ASA The American Society of Anesthesiologists Physical Status classification

Discussion

The evaluation of risk factors in predicting outcomes in patients with a diagnosis of pre-existing dementia undergoing a variety of general and vascular surgical procedures was the focus of the current study. The hypothesis was that dementia is a surgical factor distinct from sex, comorbidity, and type of surgery and correlates with morbidity and surgical mortality. To examine this assertion, patients with pre-existing dementia were compared with an equal number of patients without dementia matched for sex and type of surgery. Assuming that the determinants of surgical outcome are multifactorial, we analyzed a number of clinical variables. The main result of this study was that, regardless of the advances made in surgical technique and preoperative and postoperative care, outcomes among dementia patients requiring surgery were relatively poor. Compared to patients who did not have dementia, we observed an increased rate of complications and surgical mortality. Of the 120 consecutive surgical patients with pre-existing dementia treated over a 6-year period, 34 (28.3%) died within 90 days of surgery. Sepsis with multi-organ failure and decompensated cardiac global insufficiency were the most common causes of early death.

Previous studies reporting mortality from different data bases describe early mortality rates of 7–13% for surgical patients with pre-existing dementia [57]. The mortality rate in the current cohort was generally higher in comparison; however, it should be noted that 50.8% of our patients with dementia and 47.5% without were operated on in emergency sessions. Emergent operation has been recognized as a common determinant of in-hospital mortality [18]. This was also observed in the current study, in which almost 68% of early deaths in the dementia group and 71% in the non-dementia group were after emergent operations. This suggests advanced disease processes at the time of admission.

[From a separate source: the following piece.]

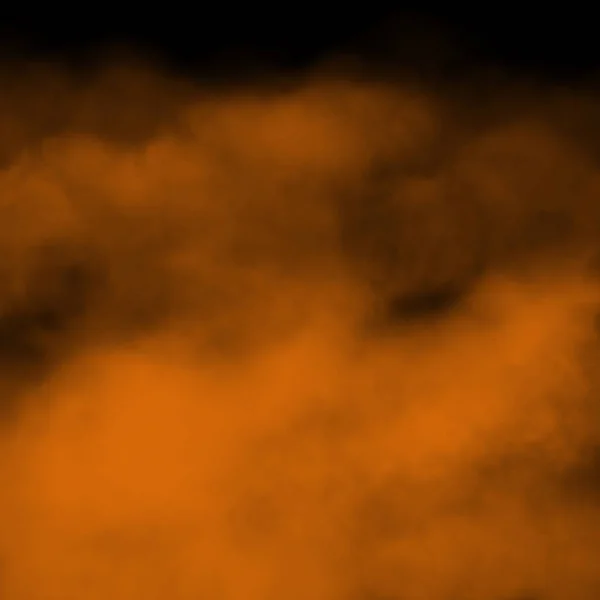 Dark Abstract Background Steam Texture — Stock Photo, Image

Among comorbid conditions, the presence of cardiac arrhythmia, chronic renal failure, and CNS disorders was significantly higher in patients with dementia than in those without. However, none of these clinical conditions predicted in-hospital mortality in this group of patients. In this respect, our study extends prior research showing no direct relationship between mortality and the presence of comorbid conditions [19] and indicates dementia by itself as a terminal illness and main determinant of early death.

Furthermore, dementia is an independent risk factor for the development of multiple postoperative complications, particularly postoperative delirium (PD), which is also a major risk factor for postoperative mortality [2025]. Recently, Mosk et al. [25] observed PD in 34.2% of dementia patients following hip fracture surgery. In agreement with this, the current study found a significantly increased incidence of PD in patients with pre-existing dementia in comparison with those without. The increased incidence of PD (33%) in patients with pre-existing dementia is not surprising because in vulnerable patients, such as those with pre-existing dementia, even a seemingly minor insult such as minor surgery might be enough to precipitate delirium. Conversely, in younger patients without dementia, delirium may develop only after exposure to a series of noxious insults, such as general anesthesia, major surgery and a stay in the ICU [23]. In full agreement with this, in the current study, with only 3 out of 120 patients in the non-dementia group developing this complication, PD was an extremely rare occurrence in this group of patients.

In addition, the occurrence of postoperative delirium correlated strongly with urgent operations, longer intensive care unit stays and longer overall hospital stays (data not shown), emphasizing the need for early diagnosis and aggressive therapy. This agrees with previous research that found an overall longer hospital stay in dementia patients with delirium [26] and an association with an up to fourfold increase in mortality following surgery [2022, 24, 25, 27].

Hu et al. [14] found pneumonia to be one of the major complications that occurs frequently in surgical patients with pre-existing dementia compared with those patients without. This agrees with our result that showed a significantly higher incidence of postoperative pneumonia in dementia patients. The pneumonia rate among these patients was three times that among sex- and treatment-matched controls. The mortality rate after the development of pneumonia was substantially higher (41%) than the mortality rate for patients in whom such a complication had not developed after surgery. The inability of dementia patients to communicate reasonably and their related inability to participate fully in aggressive postoperative pulmonary exercises, toileting, and ambulation may explain the increased incidence of postoperative pneumonia. Interestingly, however, contrary to other studies that found COPD as a risk factor for pulmonary complications [28], postoperative pneumonia did not correlate with the presence of COPD as a coexisting disease in the present study. However, due to the relatively low prevalence of COPD in the studied patients, this notion may not reflect accurately the influence of pre-existing COPD on the incidence of postoperative pneumonia.

Surgical site infection, acute renal failure requiring dialysis and lung failure requiring intubation are also common postoperative complications, and survival was poor after the onset of these complications. Thus, the combined higher incidence of these adverse postoperative events could lead to a comparably increased risk of early death. Overall, however, although these complications may be heralds of early death, it is the pre-existing condition, in this case, dementia, that is the major problem and underlying cause of death.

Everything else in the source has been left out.